• Cet outil offre des opportunités importantes au secteur de la parfumerie, mais également à l’agroalimentaire, en quête de précision dans le contrôle qualité.
• S’il n’a pas vocation à imiter le « nez du chien », ce capteur peut à terme aider le personnel soignant à évaluer la gravité de certaines infections, en analysant l’haleine ou l’odeur des plaies.
Et s’il était possible de détecter un feu grâce à des capteurs d’odorat avant même les premières flammes ? Voire d’être en mesure de savoir si un patient est atteint d’une bactérie spécifique, grâce à un nez artificiel ? Depuis les années 80, de nombreux chercheurs travaillent à développer un nez artificiel mais, jusqu’à présent, les capteurs proposés n’étaient pas assez précis ou trop peu exhaustifs. À Grenoble, Aryballe Technologies, une start-up issue du CEA, développe un objet connecté qui répond à ce besoin. Il est composé d’une partie « capteur », et d’une partie informatique avancée. « Dans les années 2000, on m’a présenté au MIT la possibilité d’utiliser des biocapteurs et un système de transmission optique pour faire des images à partir des profils d’odeurs », explique Tristan Rousselle, le dirigeant de la société. Le procédé est donc relativement proche de ce qui est réalisé dans le domaine des diagnostics médicaux : « Quand on envoie un échantillon pour un diagnostic médical, il passe sur une machine qui contient des anticorps capables de détecter des molécules et ainsi savoir si on est malade. La différence avec l’odorat, c’est qu’on parle de molécules qui sont en phase gazeuse. Il nous fallait donc adapter ces systèmes. »

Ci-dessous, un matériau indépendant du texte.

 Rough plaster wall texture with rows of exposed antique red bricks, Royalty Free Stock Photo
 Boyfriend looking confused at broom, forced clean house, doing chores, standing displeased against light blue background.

Les clients ont besoin d’analyser des données dont les composants sont très dilués dans l’air, de la même manière que l’on verserait une tasse de café dans une piscine
Analyser les odeurs grâce aux signaux lumineux
Pour fabriquer un tel capteur, Aryballe Technologies utilise des peptides. Ils s’inspirent des séquences de protéines capables de réagir avec des . « Ces peptides sont des fragments de molécules qui jouent le rôle de biocapteurs. Ensuite, on perturbe un signal lumineux de manière proportionnelle à la quantité de molécules dans l’air pour réaliser une mesure », note Tristan Rousselle. Au centre de ce capteur, une plaque de silicium composée de 64 nanocapteurs biochimiques (peptides) envoie donc 64 signaux lumineux. « Chaque odeur va générer un schéma sur les capteurs qui le transforme en signal lumineux. » Par la suite, la technologie intégrée dans l’objet connecté utilise le machine learning à partir d’une base de référence pour identifier les odeurs. Le dispositif est capable, si les capteurs sont sensibles à l’humidité, de soustraire celle-ci de la signature olfactive des odeurs.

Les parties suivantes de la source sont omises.